Director Jaume Collet-Serra does a nimble job of introducing us to the varied cast of characters on the plane, keeping us guessing as to whether their knowing glances or whispered conversations mean they’re good guys or potential terrorists. And what an eclectic, fascinating bunch it is!
The flight attendants are played by Lupita Nyong’o, Oscar nominated for “12 Years A Slave,” and Michelle Dockery, best known as Lady Mary on “Downton Abbey.” How awesome is it to see Lady Mary, I mean Nancy the flight attendant, serving chamomile tea to a passenger, and sucking at it?
A few hours after takeoff, Bill starts receiving messages on what is supposed to be a secure line. Someone claiming to be on board says he’ll kill a passenger every
20 minutes if Bill doesn’t do exactly what he says.
Here we go.
Sprinkled among the passengers whose only job is to pretend to be asleep during the quiet scenes and panic when all hell breaks loose, we have: Julianne Moore as a mysterious woman who avoids questions about what she does and angles for a seat next to Bill on the plane; Corey Stoll from the Netflix series “House of Cards” as a New York cop; Omar Metwally as Dr. Fahim Nasir, whose very appearance arouses the suspicions of some of the passengers; Anson Mount as a second air marshal on the flight who’s behaving erratically, and about a half dozen other characters who might be sending Bill those threatening messages.
The screenplay (credited to a multitude of writers) at times goes for shameless sentimentality especially in the scenes involving a little girl who reminds Bill of his daughter. But there are also some pretty nifty plot twists, many of them dependent on the 21st century technology that would allow somebody on board a plane to take an iPhone video of a man waving a gun and send it to a New York TV station. (And here I’m happy if my Gogo in-flight Internet connection is solid enough for me catch up on my emails.)
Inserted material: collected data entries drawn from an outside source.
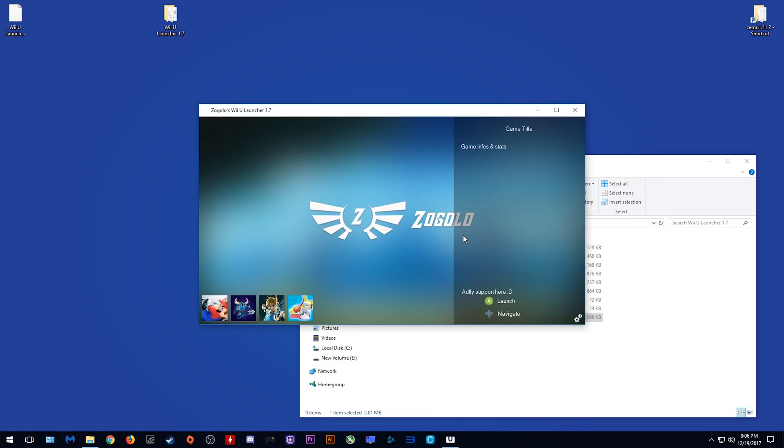Once you click this button, the launcher will load straight away and as you can see, my games are now showing up in the bottom of the screen.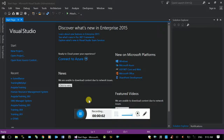Hello everyone. In this video series, I will show you the web API. I will show you the project structure of the 3-tier architecture. I will show you the actual enterprise application structure.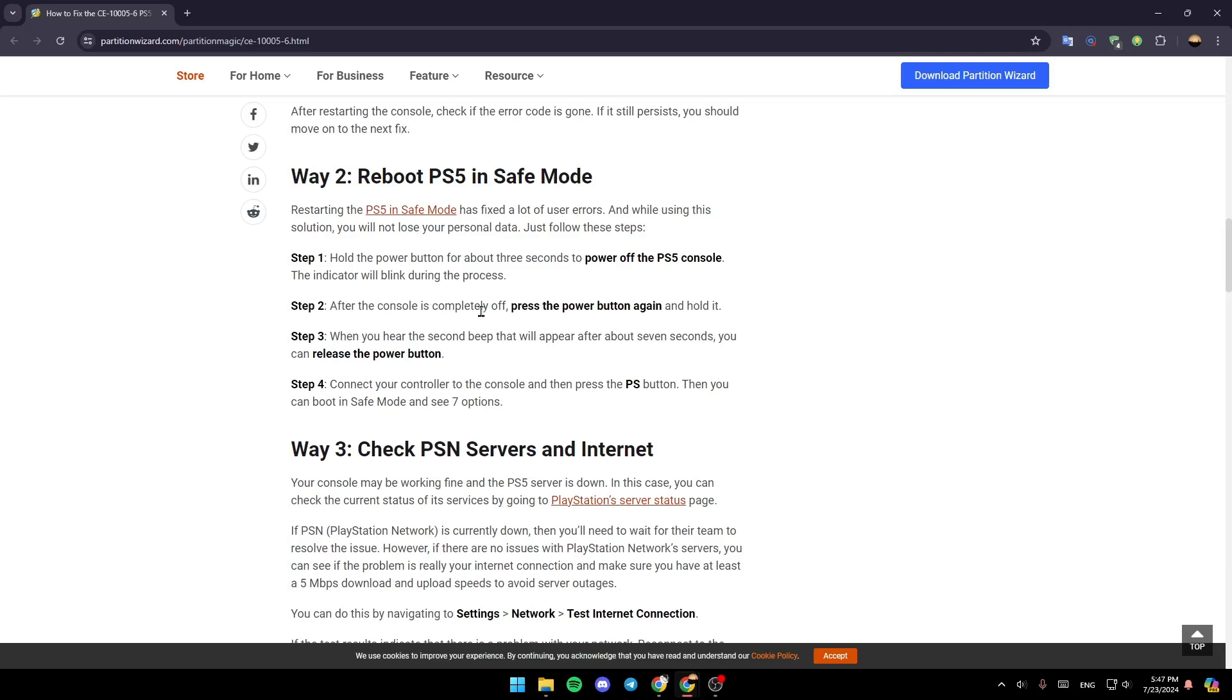Step 3: When you hear the second beep, which will appear after about 7 seconds, release the power button. Step 4: Connect your controller to the console and press the PS button. Then you can boot in safe mode and see 7 options.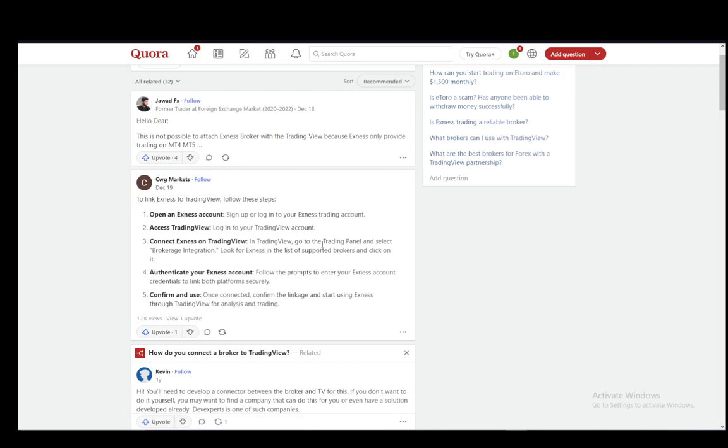For this, you do need to have both an Exynos and a TradingView account. And all you have to do first, step one is to open up an Exynos account if you don't actually have it by signing up or logging in if you already have one.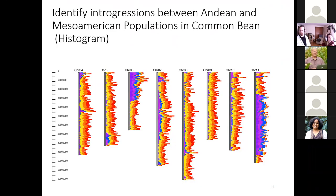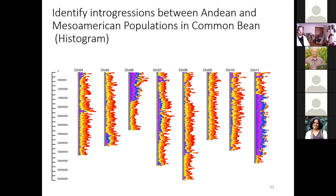Here are further examples of gcivet use. In this example, introgressions between Andean and Mesoamerican populations in common bean are identified: an Andean line is used as a reference, with differences between three other Andean lines shown in cool colors (purple, pink, and blue), and differences between Mesoamerican lines and the Andean reference shown in warm colors.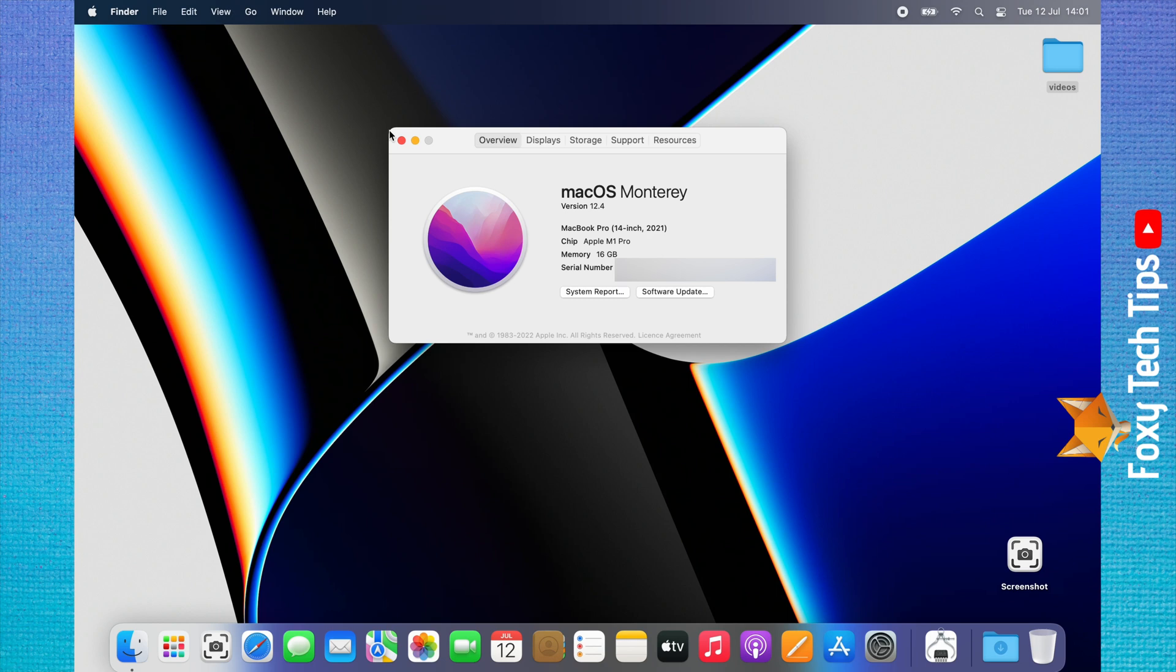Here you can see the system info of your Mac. If you tap System Report, you can see more system info.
Moore is her usual wonderful self as Bill’s seatmate, whose either his best ally or his worst enemy. Dockery at least has something resembling a character to play, whereas Nyong’o has about six lines, most of them variations on, “What is HAPPENING?”
There’s a good measure of comedic relief doled out between the action sequences, e.g., Neeson coming up with an ingenious plan to placate the passengers when they’re on the verge of a rebellion. This is a movie that knows it’s not to be taken too seriously.
We believe even a 60-ish, alcoholic, emotionally troubled Neeson can whip bad guys half his age at hand-to-hand combat. He’s Liam Neeson. He took on all those wolves in “The Grey.” He gives great telephone when Eurotrash villains kidnap his family members in the “Taken” movies. He’s not to be messed with.
Following a flight plan similar to “Air Force One,” “Passenger 57,” “Die Hard 2” and “Executive Decision,” this is yet another hijack movie in which the setup, the guessing game and the mid-movie action sequences are better than the payoff.
In the last 20 minutes or so, “Non-Stop” veers from the unlikely to the “Oh come on!” to “You’ve got to be kidding me.”
One thing’s for sure. They’re never going to show this movie on a real New York-to-London flight.
But it’d be fun to watch the passengers’ reaction if they did.